Your copy should hold only the lines from the one with "Yeşil Oval Aksesuarlı Kroko Kutu Mini Çanta" to the one with "Vibrant Impression of", both included, each exactly as it stands below, with no pictures.
··· DATA IN THIS EXERCISE
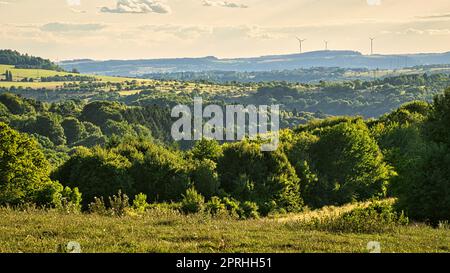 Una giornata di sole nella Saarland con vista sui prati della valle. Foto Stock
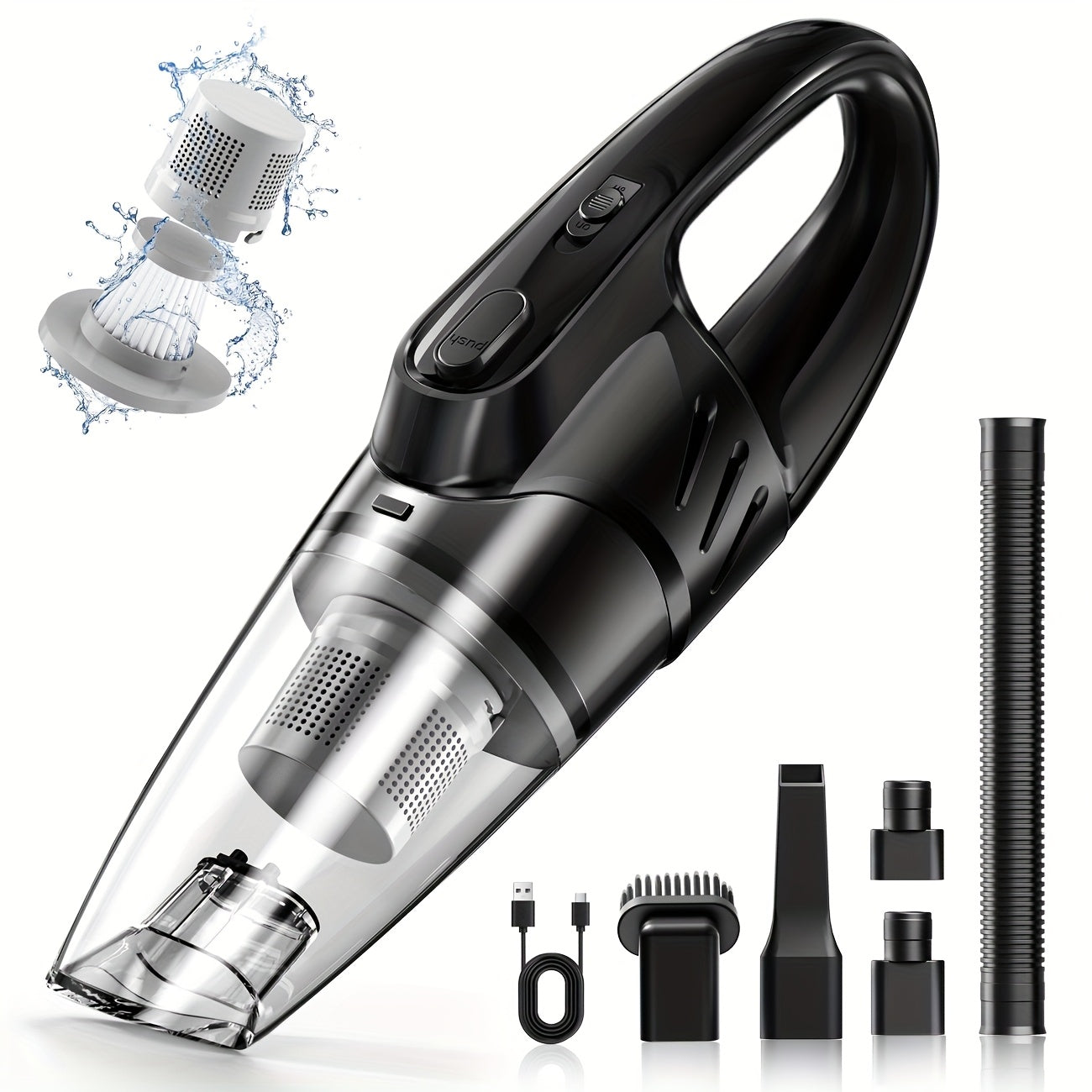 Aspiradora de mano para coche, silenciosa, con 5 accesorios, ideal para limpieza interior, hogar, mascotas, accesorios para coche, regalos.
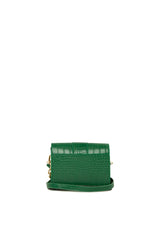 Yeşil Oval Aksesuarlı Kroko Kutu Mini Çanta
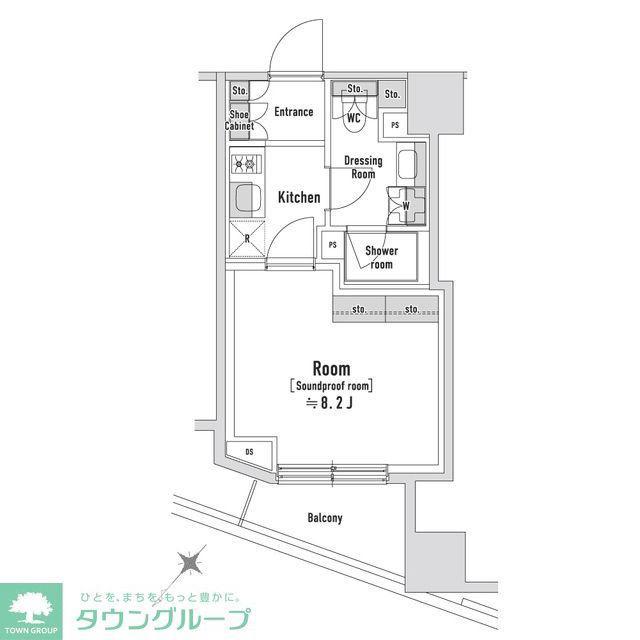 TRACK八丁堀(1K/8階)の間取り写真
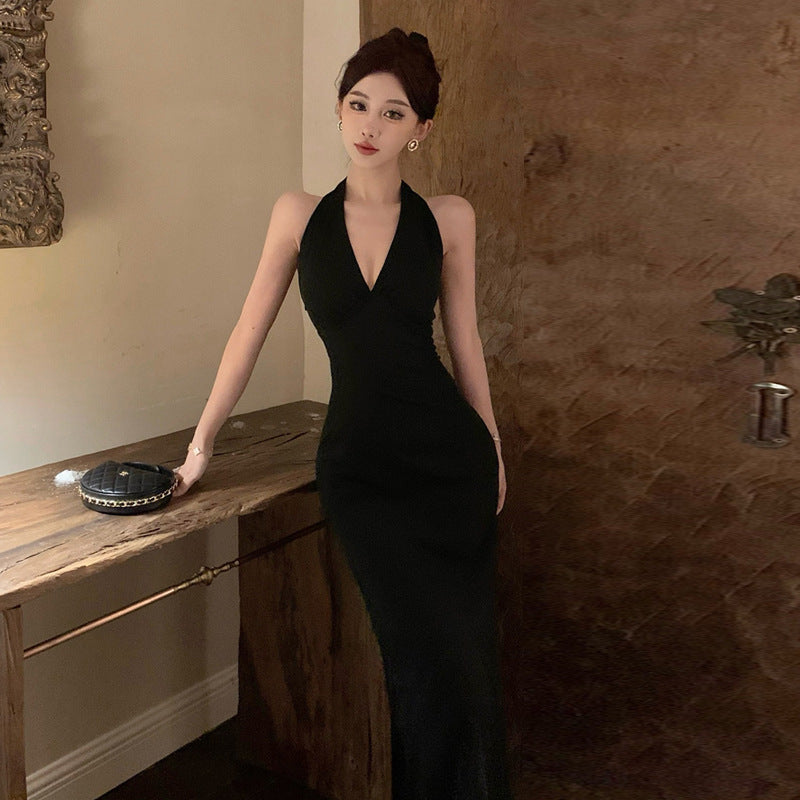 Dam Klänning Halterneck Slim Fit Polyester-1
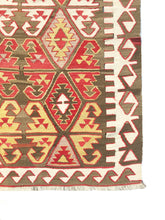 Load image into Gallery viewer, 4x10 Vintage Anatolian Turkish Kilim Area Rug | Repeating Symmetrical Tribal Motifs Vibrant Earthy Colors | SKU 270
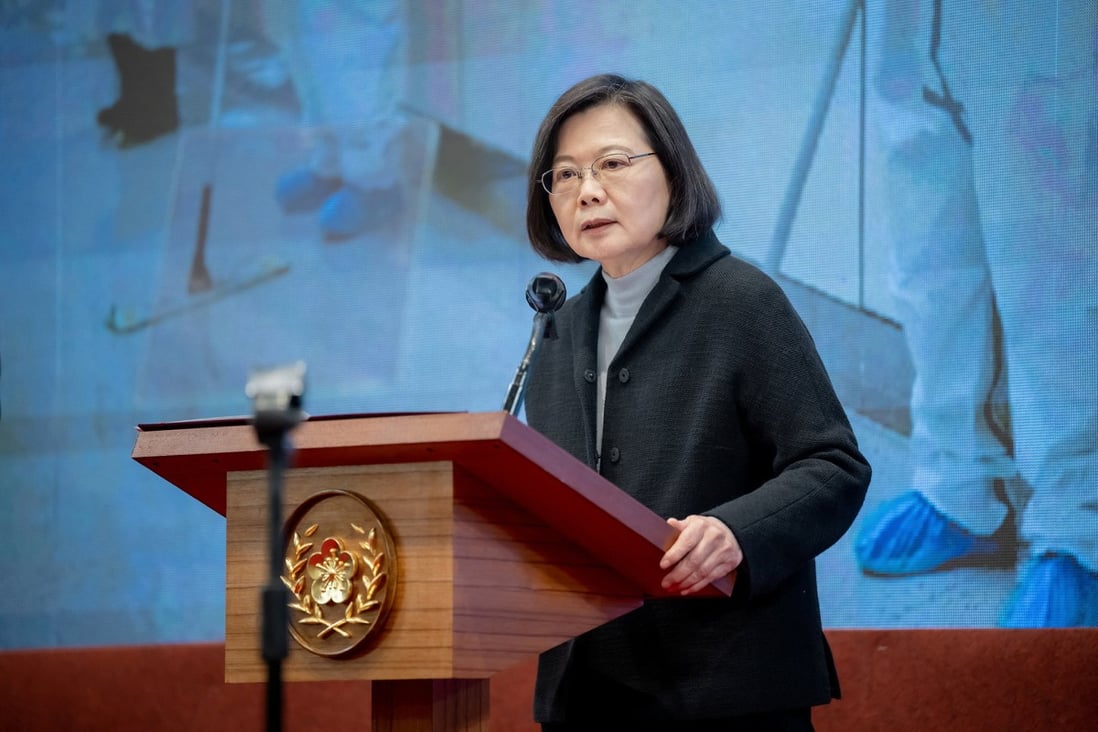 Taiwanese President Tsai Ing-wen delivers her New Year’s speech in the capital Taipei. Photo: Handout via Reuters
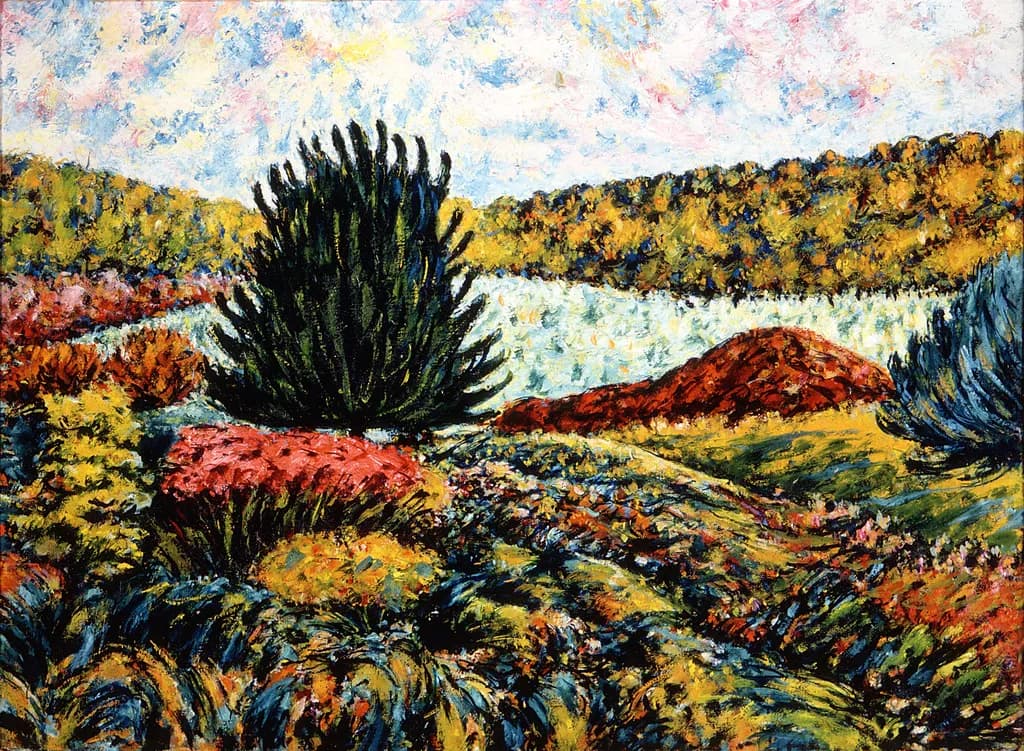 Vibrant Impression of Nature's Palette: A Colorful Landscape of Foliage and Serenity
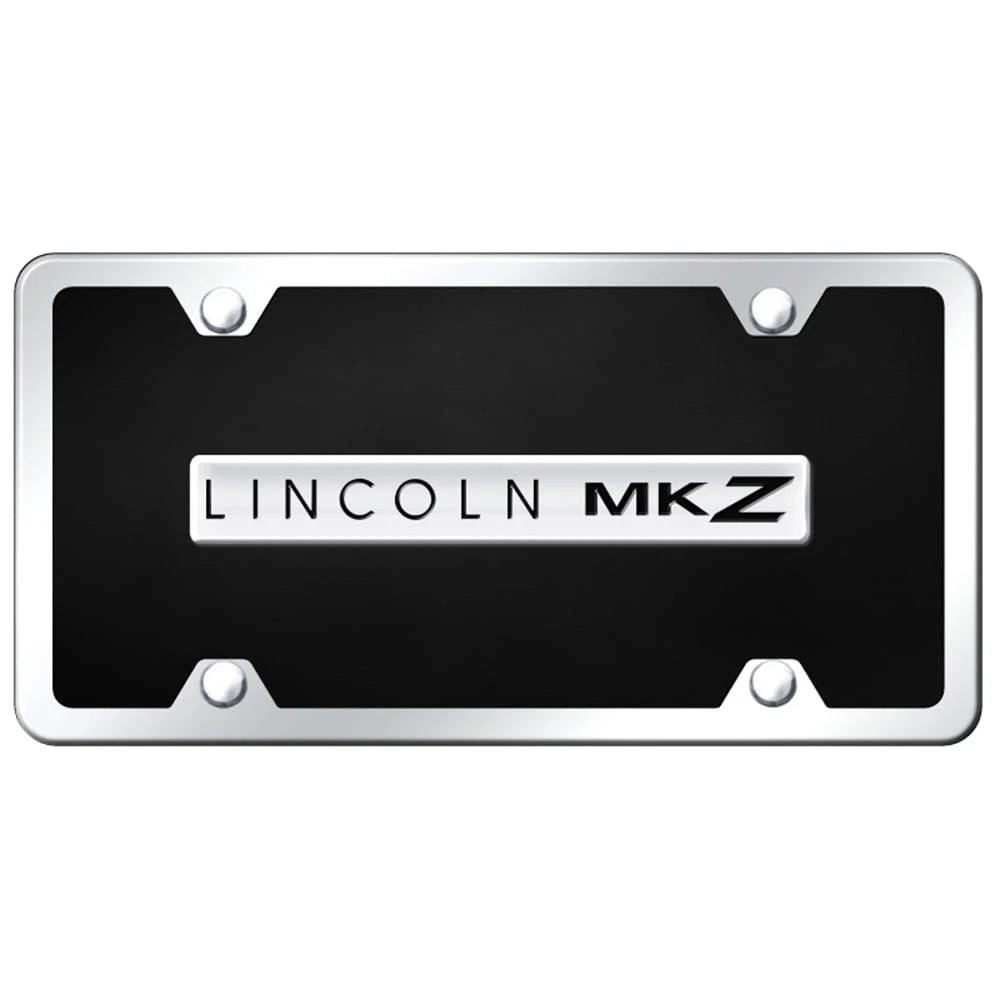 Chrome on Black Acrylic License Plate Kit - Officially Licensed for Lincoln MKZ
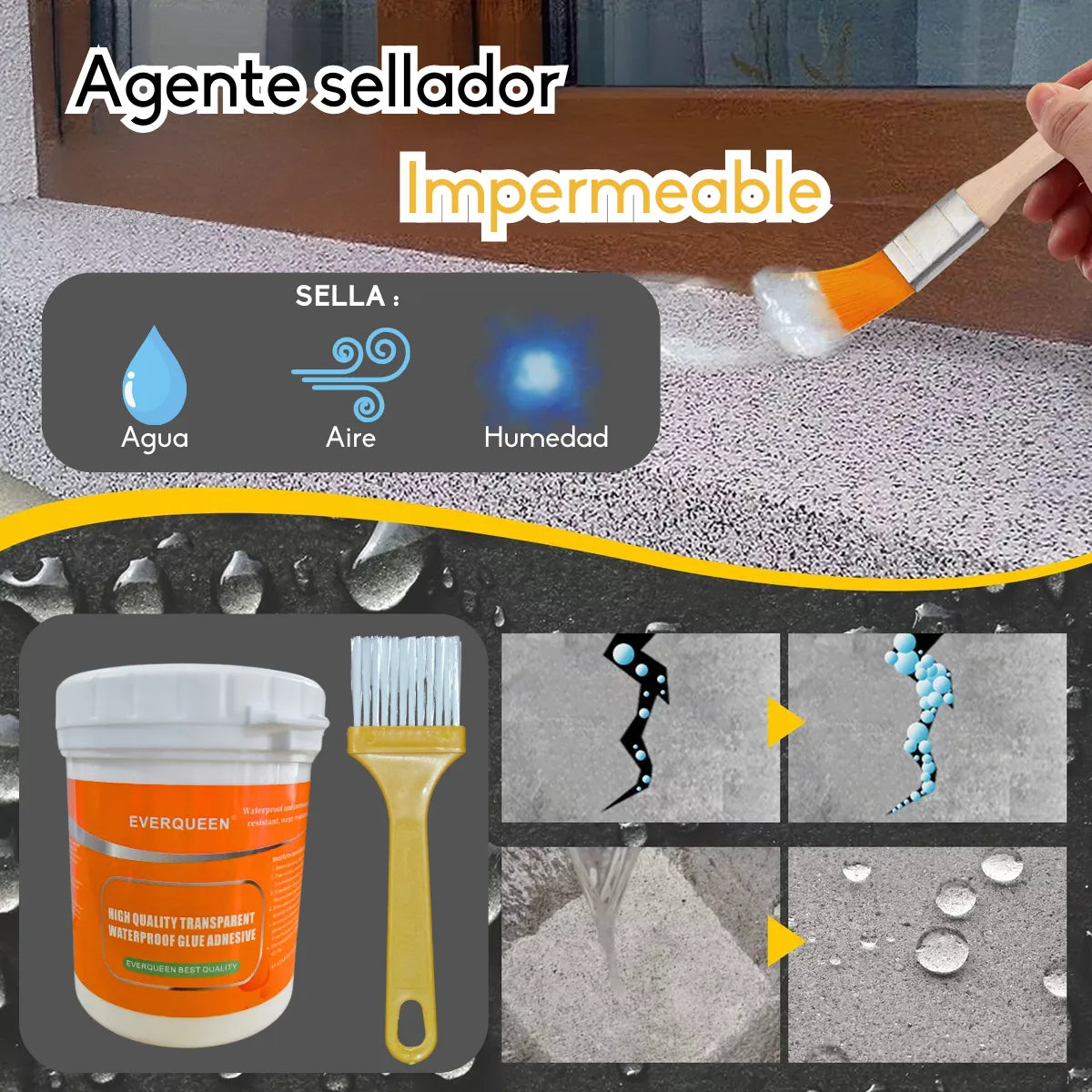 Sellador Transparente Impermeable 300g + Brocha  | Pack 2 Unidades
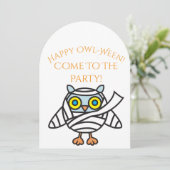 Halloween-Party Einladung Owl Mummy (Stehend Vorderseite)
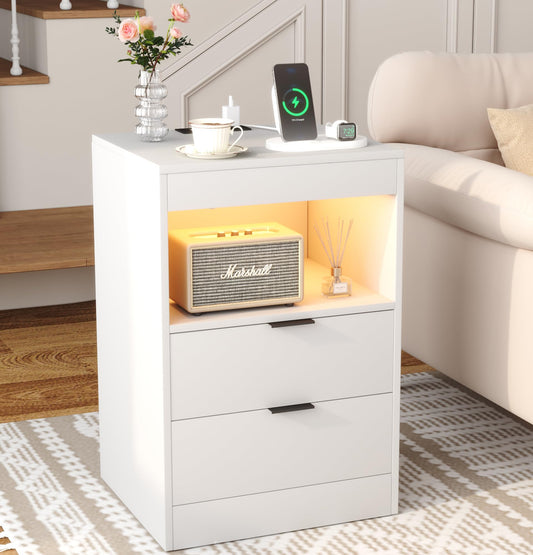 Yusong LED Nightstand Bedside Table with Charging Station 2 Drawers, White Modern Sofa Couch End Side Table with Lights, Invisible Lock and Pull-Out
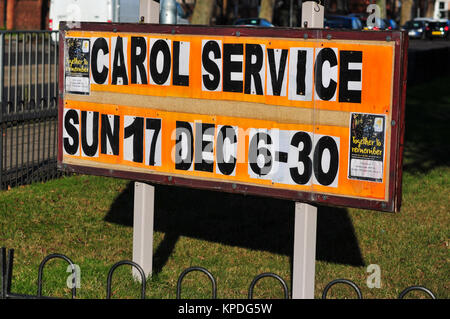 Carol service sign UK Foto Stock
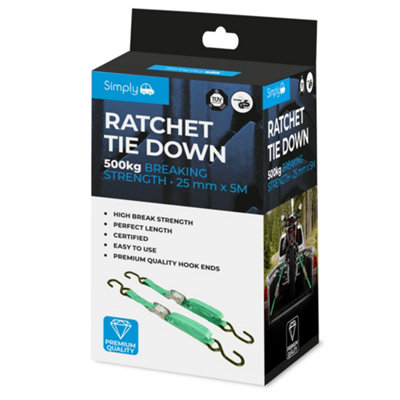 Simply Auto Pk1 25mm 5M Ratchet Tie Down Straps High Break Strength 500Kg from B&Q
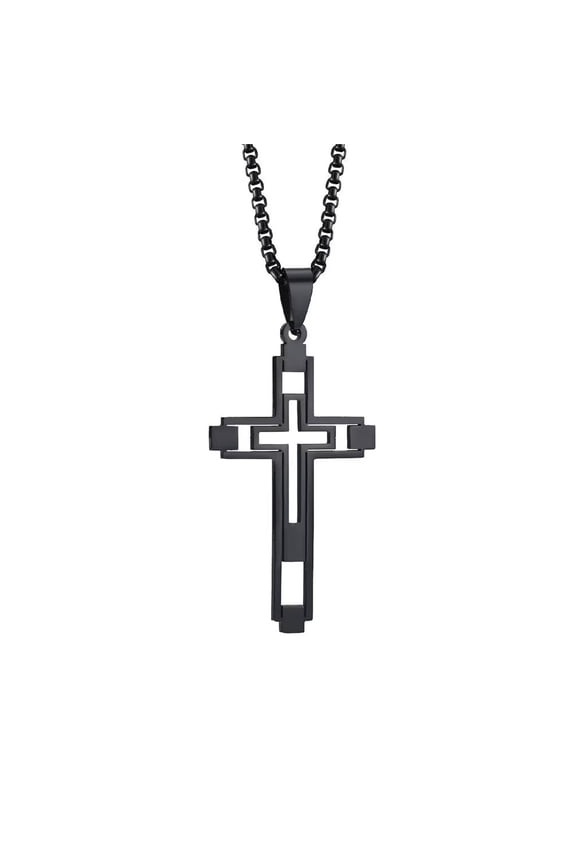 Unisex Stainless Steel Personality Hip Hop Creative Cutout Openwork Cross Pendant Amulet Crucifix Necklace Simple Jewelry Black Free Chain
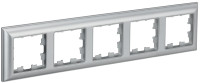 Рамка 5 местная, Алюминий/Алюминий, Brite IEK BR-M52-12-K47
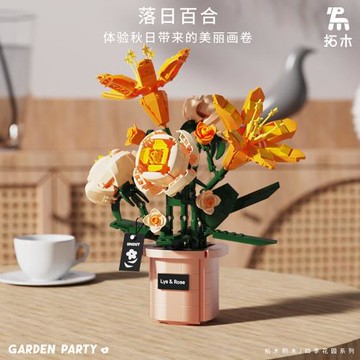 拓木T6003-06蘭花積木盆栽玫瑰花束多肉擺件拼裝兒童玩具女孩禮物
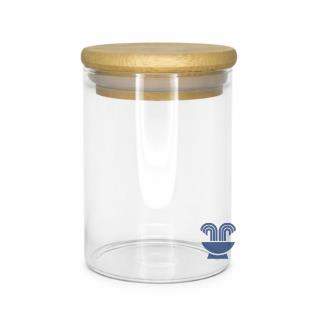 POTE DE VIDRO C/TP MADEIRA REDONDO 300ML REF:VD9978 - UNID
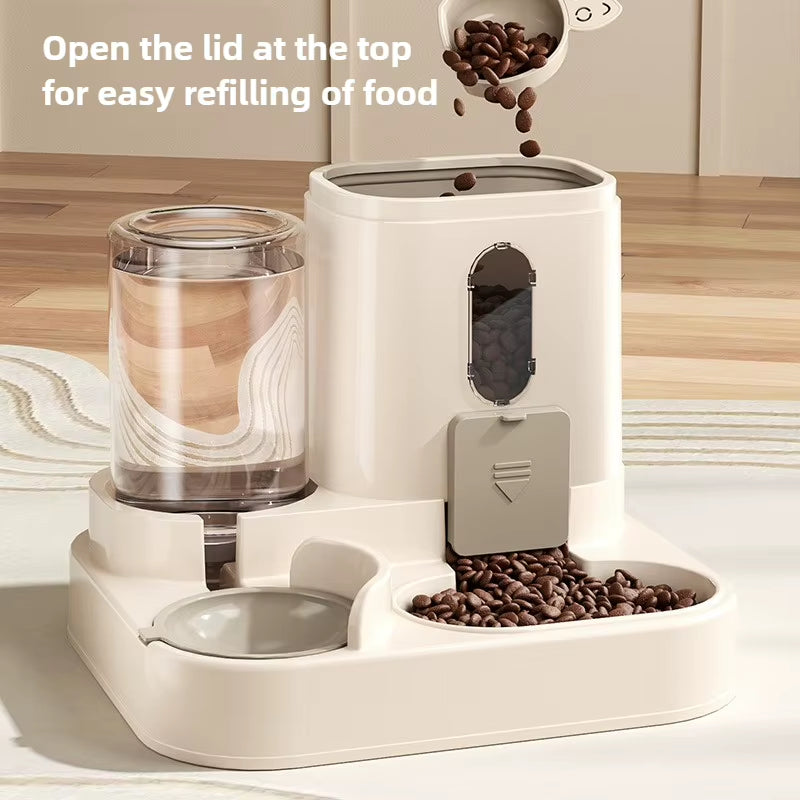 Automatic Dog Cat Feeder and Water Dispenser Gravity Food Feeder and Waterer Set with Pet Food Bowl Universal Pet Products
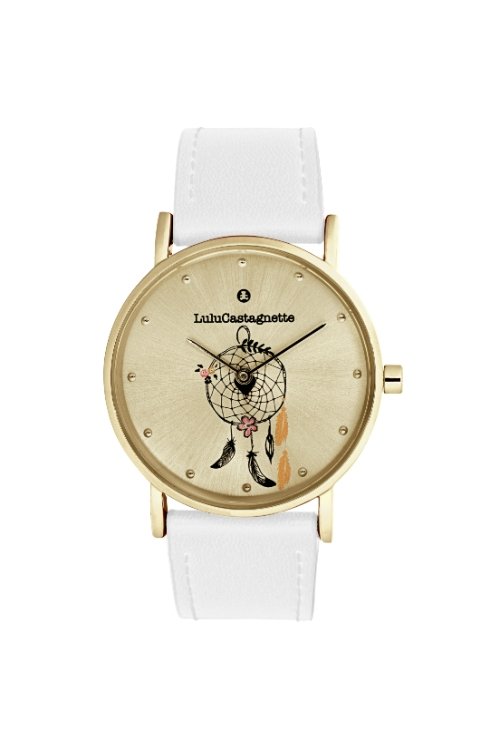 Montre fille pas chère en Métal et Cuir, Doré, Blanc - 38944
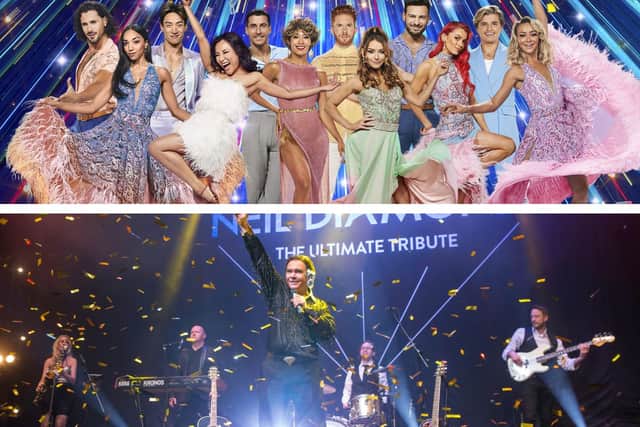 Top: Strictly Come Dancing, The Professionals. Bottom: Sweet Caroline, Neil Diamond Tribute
······
> EXERCISE OUTPUT
 Yeşil Oval Aksesuarlı Kroko Kutu Mini Çanta
 TRACK八丁堀(1K/8階)の間取り写真
 Dam Klänning Halterneck Slim Fit Polyester-1
 Load image into Gallery viewer, 4x10 Vintage Anatolian Turkish Kilim Area Rug | Repeating Symmetrical Tribal Motifs Vibrant Earthy Colors | SKU 270
 Taiwanese President Tsai Ing-wen delivers her New Year’s speech in the capital Taipei. Photo: Handout via Reuters
 Vibrant Impression of Nature's Palette: A Colorful Landscape of Foliage and Serenity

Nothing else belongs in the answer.